I need to iterate through a set of bytes, searching for a 4 byte value (all 4 bytes are the same). The length of the data is variable and these bytes can be anywhere inside the data; I’m looking for the first instance. I’m trying to find the fastest possible implementation because this logic runs in a critical part of my code.
This will only ever run on x86 & x64, under Windows.
typedef unsigned char Byte;
typedef Byte* BytePtr;
typedef unsigned int UInt32;
typedef UInt32* UInt32Ptr;
const Byte MARKER_BYTE = 0xAA;
const UInt32 MARKER = 0xAAAAAAAA;
UInt32 nDataLength = ...;
BytePtr pData = ...;
BytePtr pEnd = pData + nDataLength - sizeof ( UInt32 );
// Option 1 -------------------------------------------
while ( pData < pEnd )
{
if ( *( (UInt32Ptr) pData ) == MARKER )
{
... // Do something here
break;
}
pData++;
}
// Option 2 -------------------------------------------
while ( pData < pEnd )
{
if ( ( *pData == MARKER_BYTE ) && ( *( (UInt32Ptr) pData ) == MARKER ) )
{
... // Do something here
break;
}
pData++;
}
I think Option 2 is faster but I’m not sure if my reasoning is correct.
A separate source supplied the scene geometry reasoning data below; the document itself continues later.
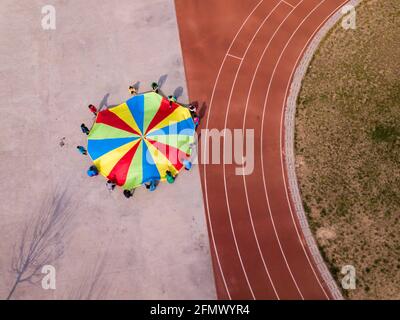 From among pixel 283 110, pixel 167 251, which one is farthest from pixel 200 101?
pixel 167 251

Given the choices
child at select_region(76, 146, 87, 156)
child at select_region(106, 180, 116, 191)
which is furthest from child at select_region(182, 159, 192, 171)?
child at select_region(76, 146, 87, 156)

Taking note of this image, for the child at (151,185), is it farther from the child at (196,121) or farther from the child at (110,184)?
the child at (196,121)

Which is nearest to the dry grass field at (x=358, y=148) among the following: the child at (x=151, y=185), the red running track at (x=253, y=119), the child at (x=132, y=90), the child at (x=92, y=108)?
the red running track at (x=253, y=119)

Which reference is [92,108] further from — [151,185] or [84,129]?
[151,185]

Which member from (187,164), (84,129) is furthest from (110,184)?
(187,164)

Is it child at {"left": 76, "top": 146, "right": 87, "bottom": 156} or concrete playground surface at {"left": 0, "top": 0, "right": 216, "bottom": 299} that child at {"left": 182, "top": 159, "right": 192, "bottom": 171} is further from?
child at {"left": 76, "top": 146, "right": 87, "bottom": 156}

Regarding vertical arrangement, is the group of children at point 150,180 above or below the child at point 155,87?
below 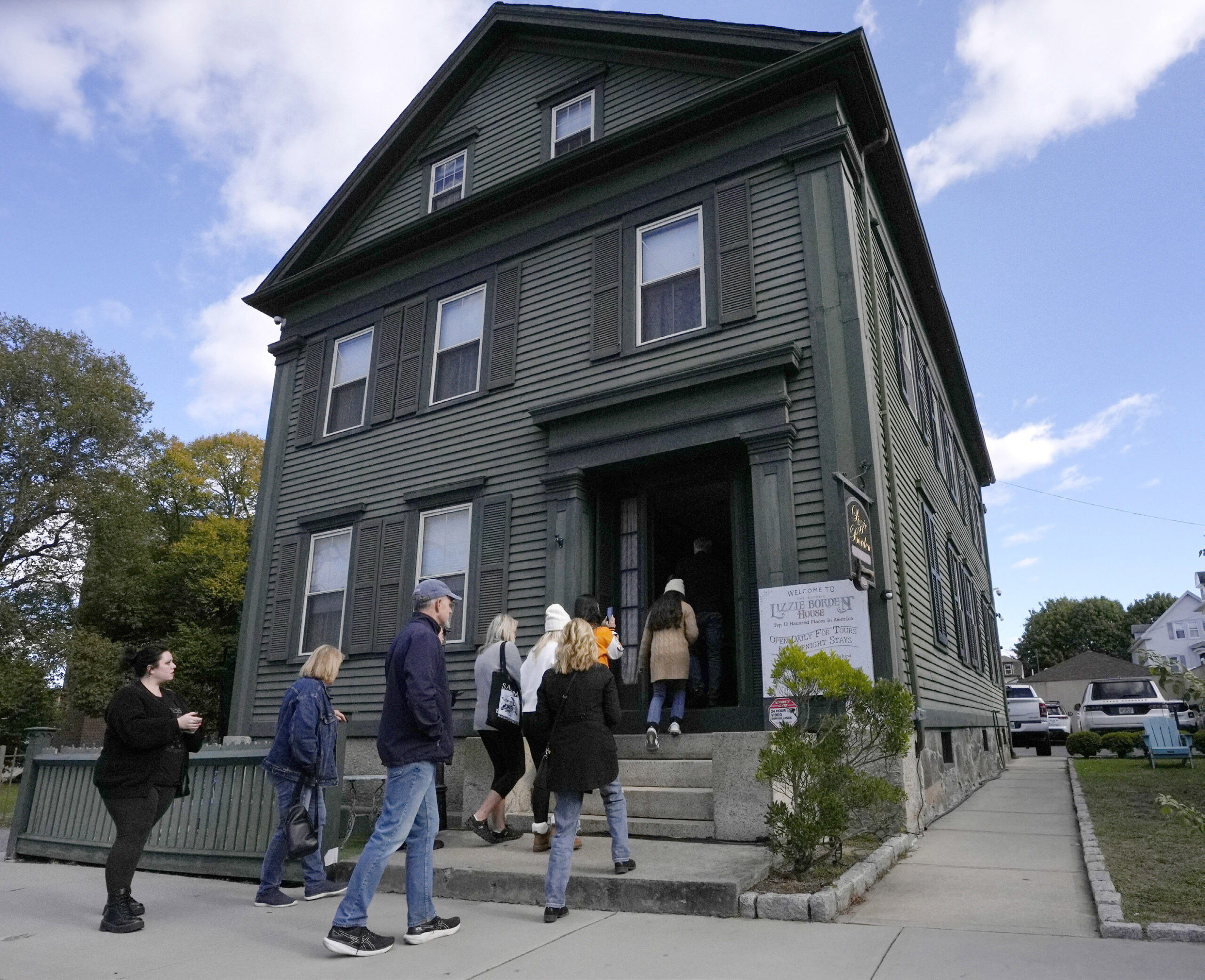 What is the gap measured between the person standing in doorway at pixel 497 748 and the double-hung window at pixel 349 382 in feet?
23.6

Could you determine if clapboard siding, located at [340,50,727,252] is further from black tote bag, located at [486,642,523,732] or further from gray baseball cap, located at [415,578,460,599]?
gray baseball cap, located at [415,578,460,599]

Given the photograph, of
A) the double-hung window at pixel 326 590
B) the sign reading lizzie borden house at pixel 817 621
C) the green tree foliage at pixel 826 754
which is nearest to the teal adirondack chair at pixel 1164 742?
the sign reading lizzie borden house at pixel 817 621

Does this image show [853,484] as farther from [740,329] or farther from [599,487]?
[599,487]

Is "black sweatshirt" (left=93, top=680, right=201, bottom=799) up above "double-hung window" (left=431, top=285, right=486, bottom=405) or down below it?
below

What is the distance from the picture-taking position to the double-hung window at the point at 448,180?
13.7m

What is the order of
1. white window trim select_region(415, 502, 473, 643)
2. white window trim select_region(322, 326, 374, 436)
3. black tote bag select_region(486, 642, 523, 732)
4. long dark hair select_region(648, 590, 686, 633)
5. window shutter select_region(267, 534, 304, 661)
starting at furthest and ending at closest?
1. white window trim select_region(322, 326, 374, 436)
2. window shutter select_region(267, 534, 304, 661)
3. white window trim select_region(415, 502, 473, 643)
4. long dark hair select_region(648, 590, 686, 633)
5. black tote bag select_region(486, 642, 523, 732)

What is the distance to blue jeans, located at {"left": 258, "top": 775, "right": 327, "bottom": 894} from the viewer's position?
5.96 m

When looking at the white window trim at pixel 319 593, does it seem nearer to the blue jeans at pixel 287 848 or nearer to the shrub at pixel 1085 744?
the blue jeans at pixel 287 848

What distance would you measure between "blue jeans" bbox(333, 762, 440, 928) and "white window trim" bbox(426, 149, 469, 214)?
35.2ft

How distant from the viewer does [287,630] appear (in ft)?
42.1

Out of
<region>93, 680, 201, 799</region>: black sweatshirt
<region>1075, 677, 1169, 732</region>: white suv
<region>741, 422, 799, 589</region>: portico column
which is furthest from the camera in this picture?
<region>1075, 677, 1169, 732</region>: white suv

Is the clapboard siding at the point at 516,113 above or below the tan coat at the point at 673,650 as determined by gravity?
above

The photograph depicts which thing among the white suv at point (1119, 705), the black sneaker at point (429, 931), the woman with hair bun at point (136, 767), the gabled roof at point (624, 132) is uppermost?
the gabled roof at point (624, 132)

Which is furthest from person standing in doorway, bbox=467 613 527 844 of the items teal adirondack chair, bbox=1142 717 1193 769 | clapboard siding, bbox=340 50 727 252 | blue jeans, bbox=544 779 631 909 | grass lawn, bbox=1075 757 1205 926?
teal adirondack chair, bbox=1142 717 1193 769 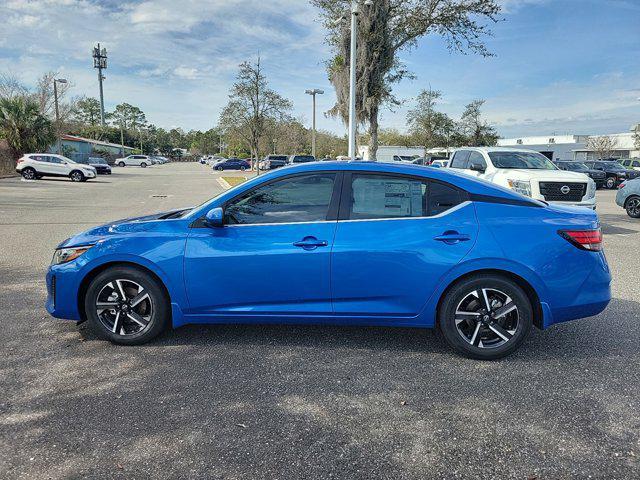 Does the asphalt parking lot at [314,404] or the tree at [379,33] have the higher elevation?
the tree at [379,33]

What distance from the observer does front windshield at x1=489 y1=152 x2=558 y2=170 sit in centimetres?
1133

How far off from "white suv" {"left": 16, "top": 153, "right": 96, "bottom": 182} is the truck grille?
85.1ft

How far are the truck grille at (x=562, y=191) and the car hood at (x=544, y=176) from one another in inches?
3.5

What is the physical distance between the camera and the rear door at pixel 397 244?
370cm

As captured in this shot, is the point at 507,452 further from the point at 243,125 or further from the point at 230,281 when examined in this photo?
the point at 243,125

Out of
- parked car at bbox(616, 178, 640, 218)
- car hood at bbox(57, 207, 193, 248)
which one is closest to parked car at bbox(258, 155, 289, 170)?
parked car at bbox(616, 178, 640, 218)

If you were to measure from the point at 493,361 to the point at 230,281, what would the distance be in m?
2.26

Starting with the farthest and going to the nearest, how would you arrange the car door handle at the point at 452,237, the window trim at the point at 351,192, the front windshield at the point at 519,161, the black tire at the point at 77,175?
the black tire at the point at 77,175 → the front windshield at the point at 519,161 → the window trim at the point at 351,192 → the car door handle at the point at 452,237

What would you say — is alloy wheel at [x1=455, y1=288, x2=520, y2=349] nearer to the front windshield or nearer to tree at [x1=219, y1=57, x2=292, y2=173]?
the front windshield

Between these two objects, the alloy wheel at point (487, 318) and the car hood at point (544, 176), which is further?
the car hood at point (544, 176)

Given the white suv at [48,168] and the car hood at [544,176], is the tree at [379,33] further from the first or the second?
the white suv at [48,168]

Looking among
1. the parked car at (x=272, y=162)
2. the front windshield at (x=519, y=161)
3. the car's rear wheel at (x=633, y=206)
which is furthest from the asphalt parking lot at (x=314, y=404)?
the parked car at (x=272, y=162)

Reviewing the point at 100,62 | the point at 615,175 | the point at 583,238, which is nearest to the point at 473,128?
the point at 615,175

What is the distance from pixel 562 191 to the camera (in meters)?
10.2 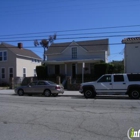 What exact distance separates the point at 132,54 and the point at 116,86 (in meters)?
12.7

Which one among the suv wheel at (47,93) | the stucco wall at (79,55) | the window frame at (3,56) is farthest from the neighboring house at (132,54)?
the window frame at (3,56)

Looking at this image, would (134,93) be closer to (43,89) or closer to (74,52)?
(43,89)

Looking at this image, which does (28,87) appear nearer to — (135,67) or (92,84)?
(92,84)

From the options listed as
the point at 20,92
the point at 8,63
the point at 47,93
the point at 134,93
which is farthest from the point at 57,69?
the point at 134,93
Option 1 first reads 4 bytes from memory, checks it against the 4-byte constant and if not found, it steps onto the next byte and starts over. The next 4-byte ready from memory is going to overlap 3 bytes already read so the same bytes need to be fetched again. Most bytes before my 4-byte marker would be read twice.
Option 2 only reads 1 byte at a time and if that single byte is a match, it reads the full 4-byte value from that address. This way, all bytes are read only once and only the 4 matching bytes are read twice.
Is my reasoning correct or am I overlooking something?
And before someone brings it up, yes, I really do need to perform this kind of optimization. 🙂
Edit: note, that this code will only ever run on Intel / AMD based computers. I don’t care if other architectures would fail to run this, as long as normal x86 / x64 computers (desktops / servers) run this without problems or performance penalties.
Edit 2: compiler is VC++ 2008, if that helps.
You might also try the Boyer-Moore approach.
If you’re lucky, that tests only every fourth byte until you found a match.
Whether that’s faster or slower than testing every single byte is anybody’s guess for short patterns as this.